Il punto è chiaro: una nazione (a maggior ragione l’Italia) vive di lavoro, e il lavoro è creato dai cittadini. Perché esista un’economia, deve esserci la possibilità di lavoro (clientela). Ricordiamoci che vita sociale significa aria fresca all’economia, un polmone che sta rimanendo fermo per troppo tempo e che ha bisogno di una ventata. Se un periodo prolungato di crisi taglia notevolmente la capacità di fatturato, l’economia del paese è destinata a crollare, a meno che non intervengano le istituzioni. Ma se gli aiuti non arrivano o sono insufficienti, è chiaro che si è punto e a capo.
Se si vuole tornare ad una posizione privilegiata nel teatro internazionale, anche in questa emergenza, o si viene incontro alle attività chiuse, o si dà loro la possibilità di rinfrescare l’economia. D’altro canto la fetta più grande di clientela è rappresentata da giovani -e infatti in estate ci sono stati stabilimenti balneari che hanno visto accrescere il proprio fatturato rispetto al 2019, forse per la voglia di riscatto dai mesi di quarantena?. Se nelle scuole il metro di distanza (che di solito è sempre meno di un metro) è considerato sufficiente per una buona sicurezza, perché nei locali o servizi lo stesso metro non basta?
Mascherina pericolose, vaccini che non arrivano, sbarchi incontrollati (mentre gli italiani vengono chiusi in casa): come si può dar la colpa solamente ai giovani? É paradossale che una classe dirigente punti il dito ad una generazione che cerca di far vivere il paese, mentre essa in primis ha attuato una gestione fallimentare. Se le leggi legittimano l’uscita, ci si deve aspettare che i cittadini usufruiscono di tale diritto.
Depressione e disoccupazione
Secondo una stima di aprile 2020, un ragazzo su tre mostrava sintomi riconducibili alla depressione. É naturale che poi, in estate, si avesse voglia di vita, quella stessa vita negata qualche mese prima. I primi mesi di clausura possono essere giustificati, ma la seconda pasqua bloccata? Il secondo compleanno in casa? La seconda opportunità di lavoro andata in fumo?

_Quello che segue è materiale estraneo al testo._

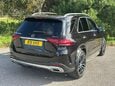 Mercedes-Benz GLE 2.9 GLE400d AMG Line (Premium Plus) G-Tronic 4MATIC Euro 6 (s/s) 5dr (7 Sea 16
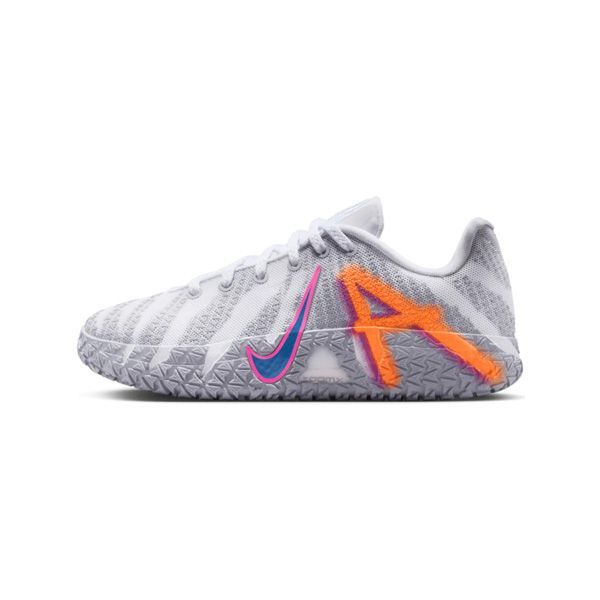 Nike ジャモラント NIKE JA 3 GS 'LIGHT SHOW' ナイキ ジャ 3 ジャ モラント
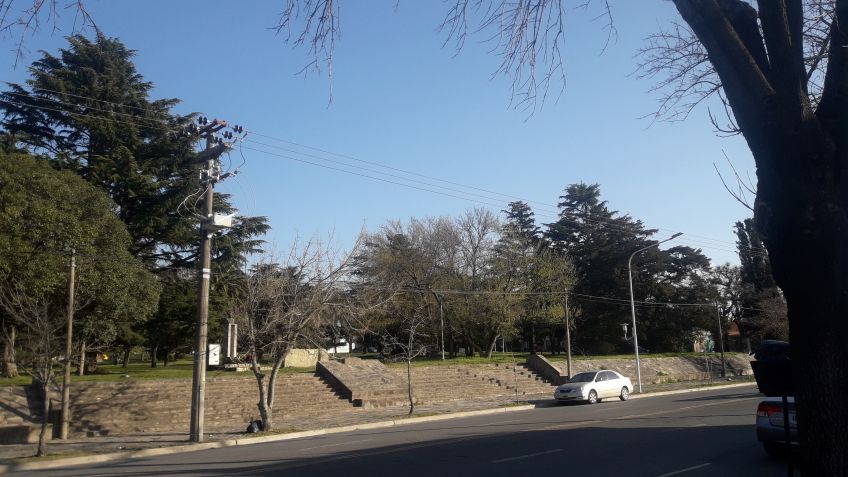 Lunes: neblinas matinales y cielo despejado por la tarde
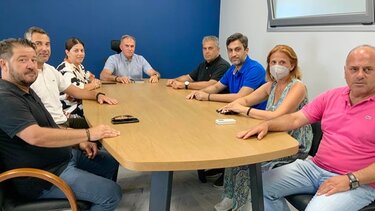 Σύγκληση του δημοτικού συμβουλίου για το νοσοκομείο Ιεράπετρας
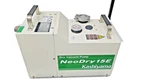 Kashiyama Vacuum Pump Model NEODRY15E-1, 100-120V, 50/60HZ. Fixed Price $2500.00.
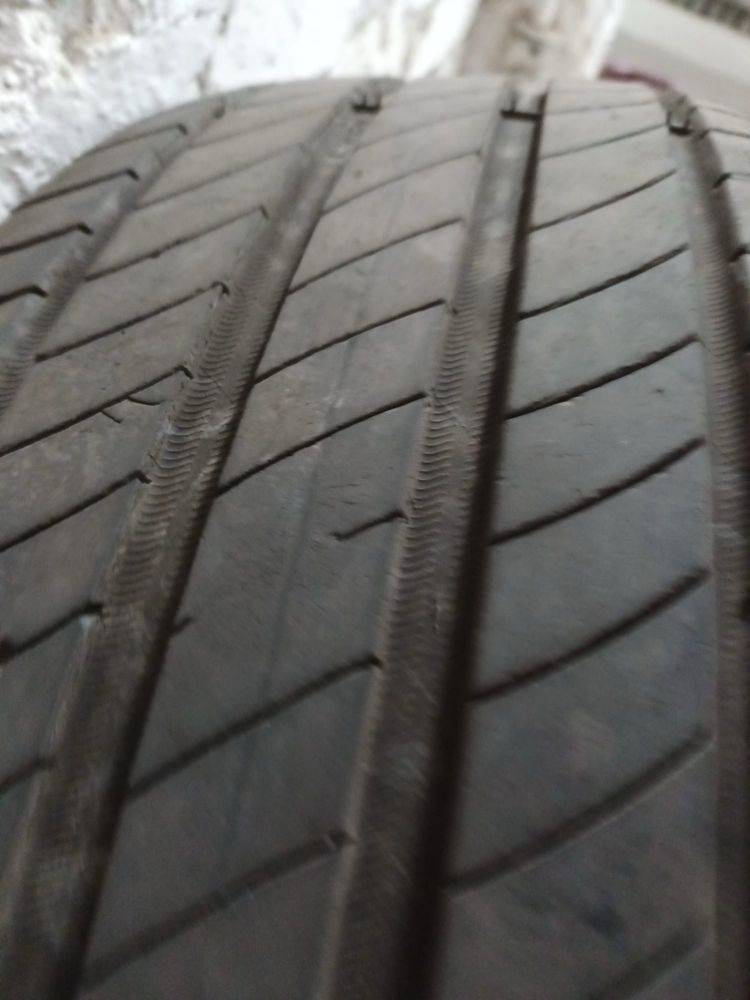 Sprzedam 4 opony Michelin Primacy 205x55x17 z 2020 roku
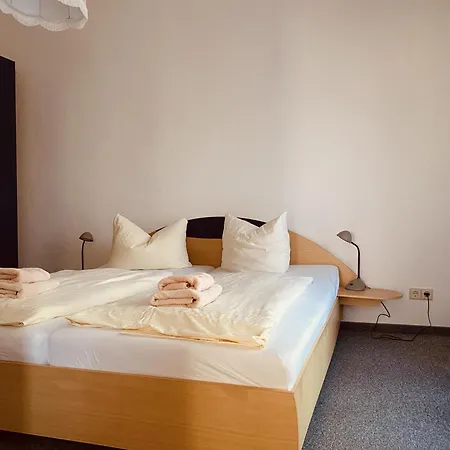 度假居 Schrammsteinblick Schöna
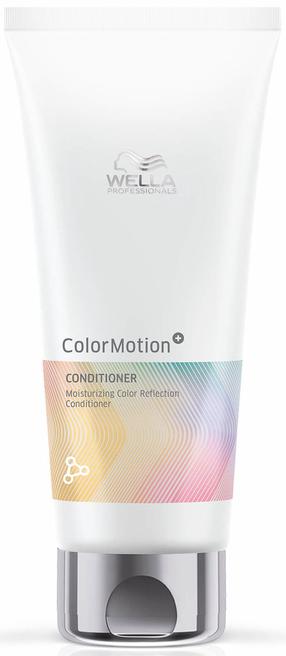 Plaukų kondicionierius Wella Professionals Color Motion+, 200 ml
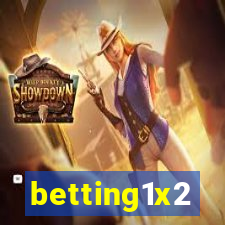 betting1x2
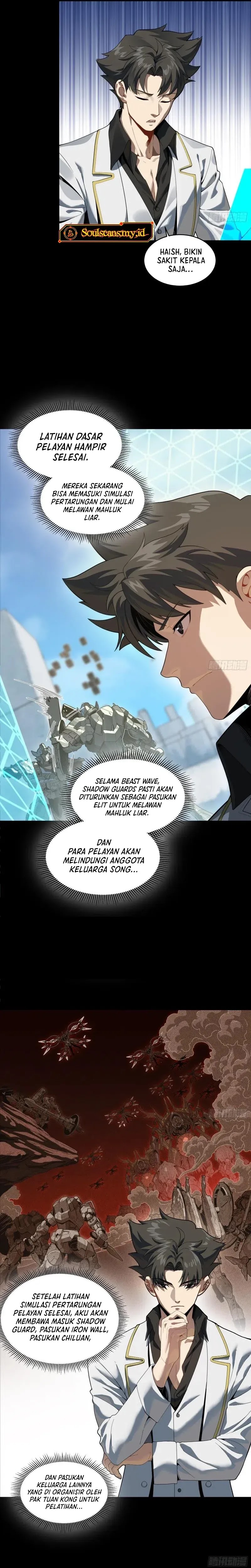 Dilarang COPAS - situs resmi www.mangacanblog.com - Komik legend of star general 244 - chapter 244 245 Indonesia legend of star general 244 - chapter 244 Terbaru 6|Baca Manga Komik Indonesia|Mangacan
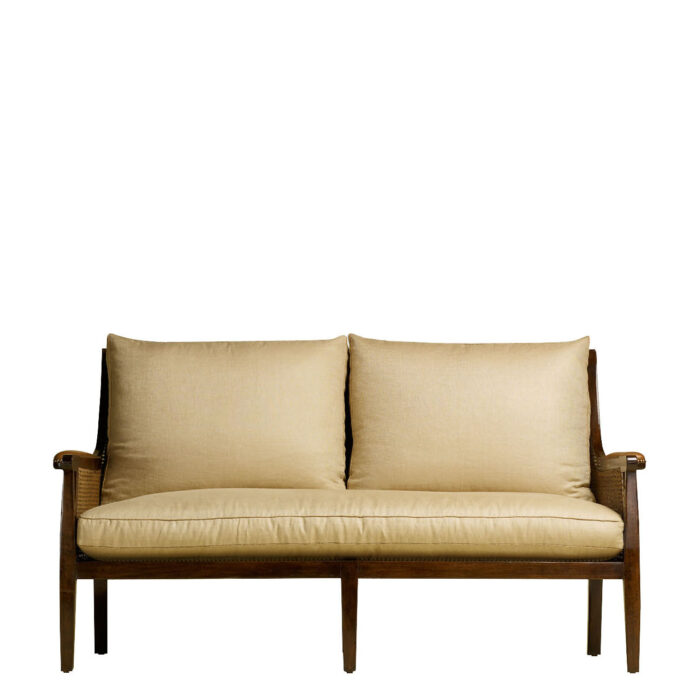 Parliament Settee - Image 2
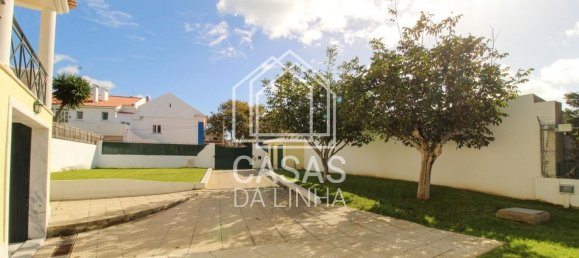 4 chambres Maison à Cascais, Portugal No. 51565 11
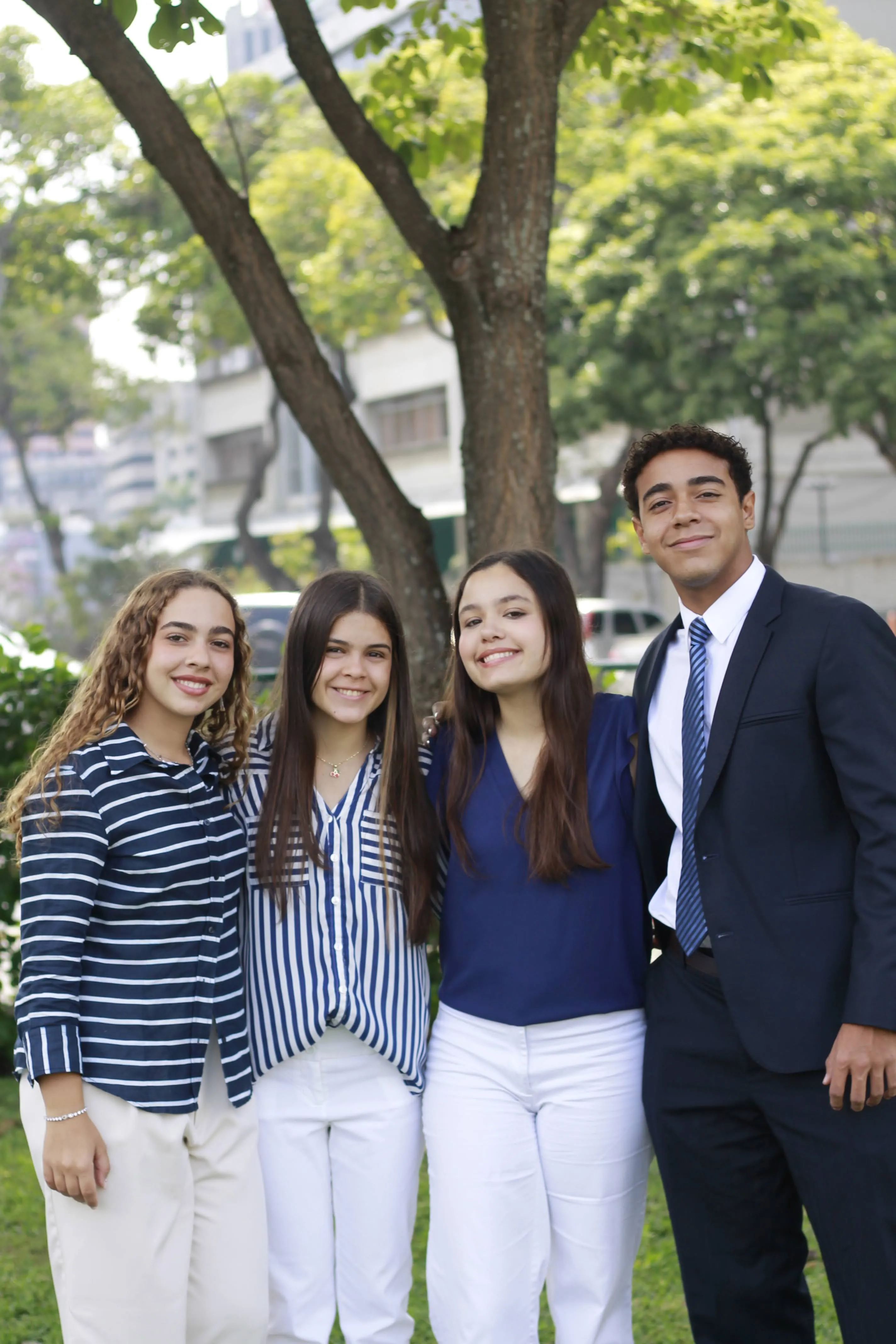 Mesa Directiva del CDH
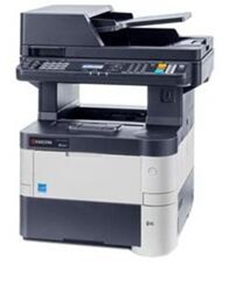 京瓷Kyocera ECOSYS M3540dn打印机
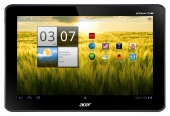 Iconia Tab A200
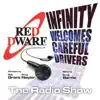 Red Dwarf: Infinity Welcomes Careful Drivers, Vol. 1 album lyrics, reviews, download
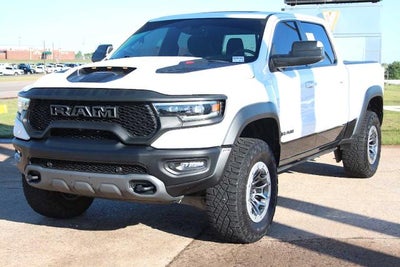 2022 RAM Ram 1500 TRX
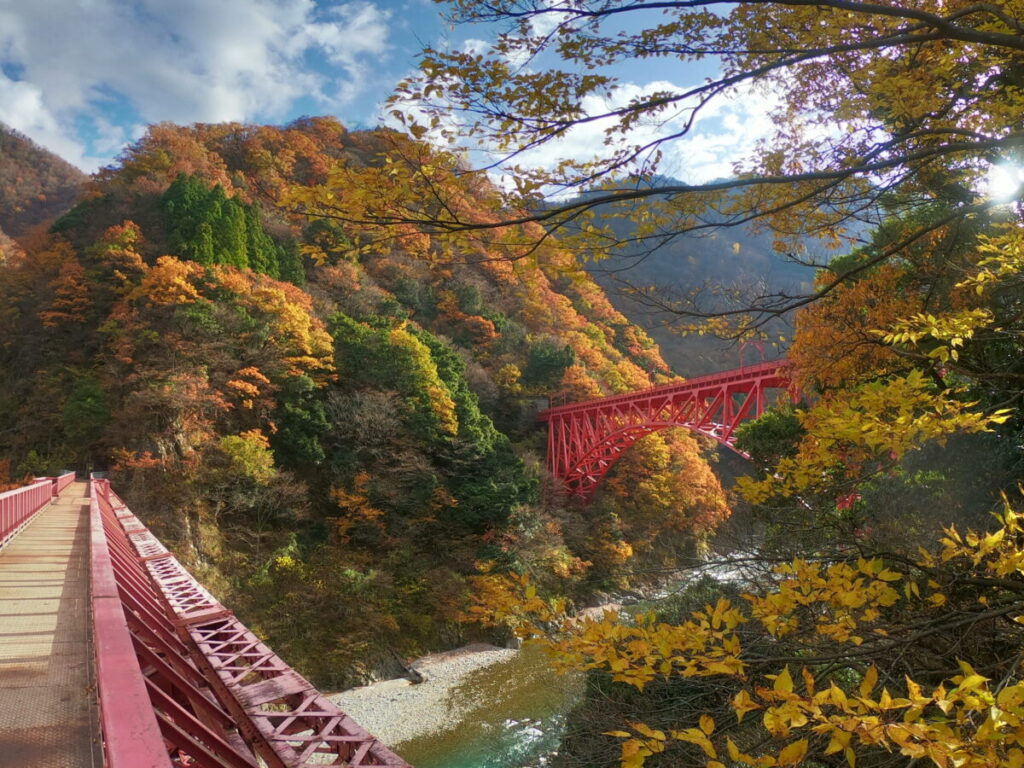【保存版】2025年紅葉の見ごろ予想＆絶景スポット完全ガイド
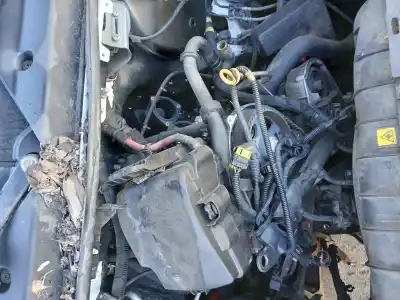 Автозапчастина б/у коробка метелика для IVECO DAILY FURGÓN Fg 33 S ... V Batalla 3000 Посилання на OEM IAM   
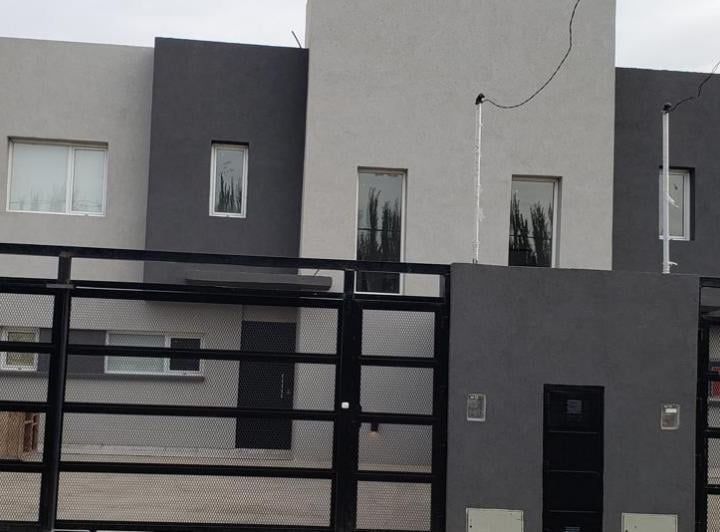 ALQUILER DUPLEX 3 HAB - AYRES DEL LIMAY  2
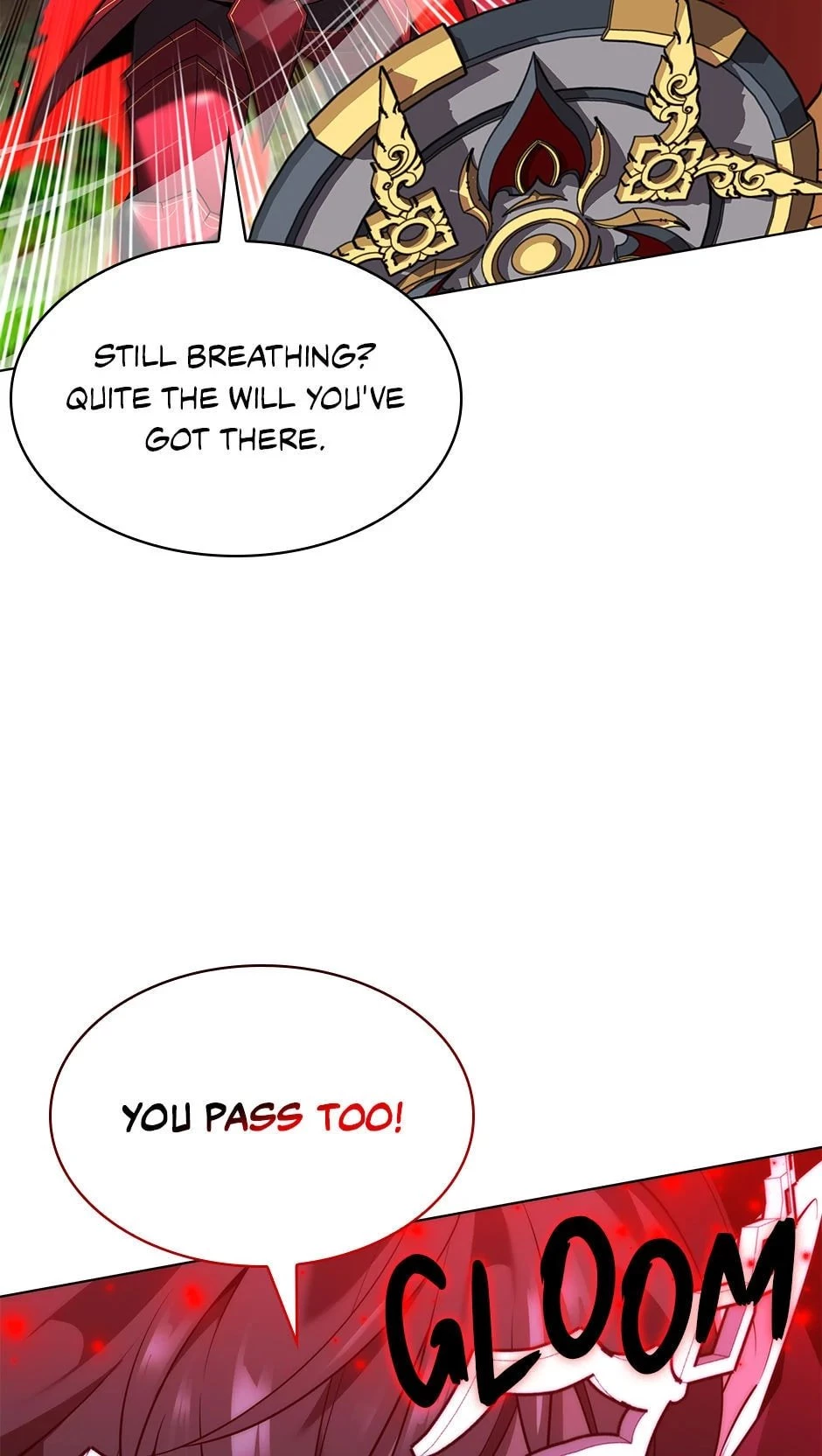 Overgeared Chapter 210 - 70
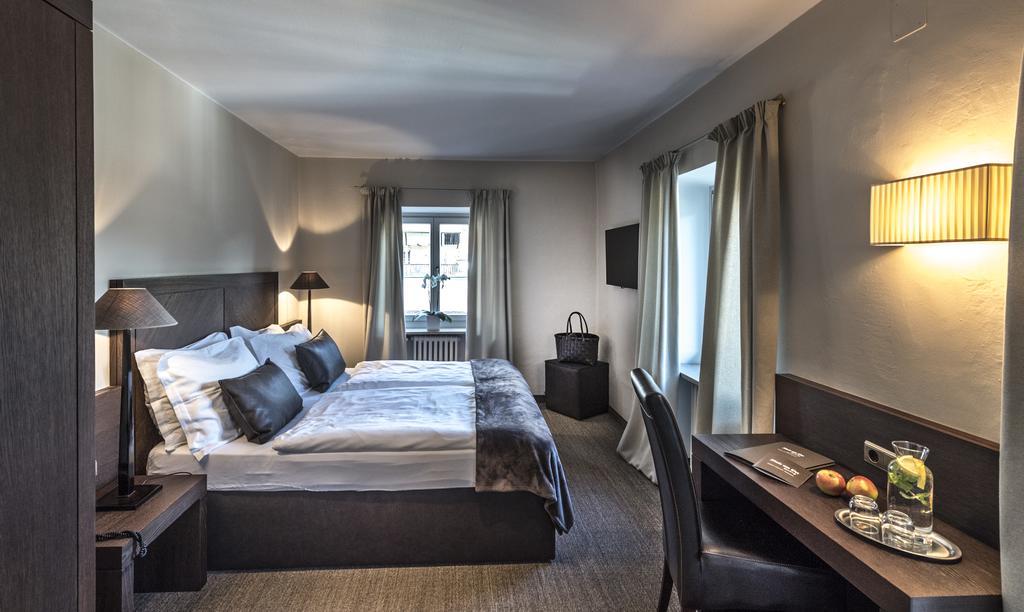 פרצ'ינס Mair Am Ort Living Hotel B&B מראה חיצוני תמונה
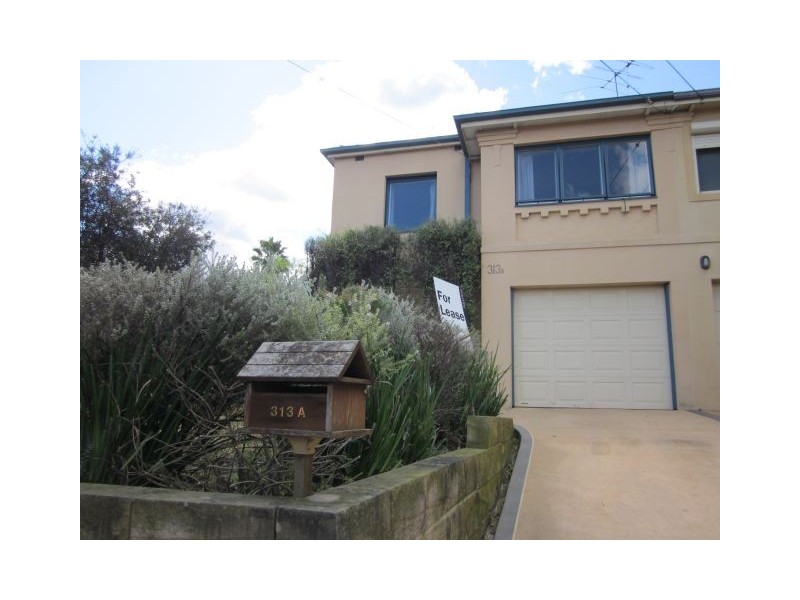 313A High Street, Chatswood NSW 2067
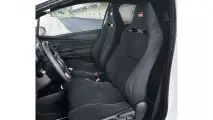 Test Toyota Yaris GRMN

Dal 2020 la disoccupazione giovanile è cresciuta nuovamente: alla fine dell’anno i giovani disoccupati erano il 29,7% in più. Non dobbiamo stupirci: chi può dare lavoro ai giovani, se il lavoro stesso è messo in discussione? Si apre, poi si richiude, come una giostra, a causa, a detta del governo (o dei governi) di tutte le persone che sono uscite, quando in realtà hanno sfruttato un diritto concesso direttamente dallo Stato.
Chissà, se al posto del bonus monopattino il governo avesse elargito un bonus TV o Netflix, magari, oltre ad avere 60 milioni di italiani in casa, avrebbe avuto anche un esercito ben influenzato. Da che parte? Non è difficile indovinare.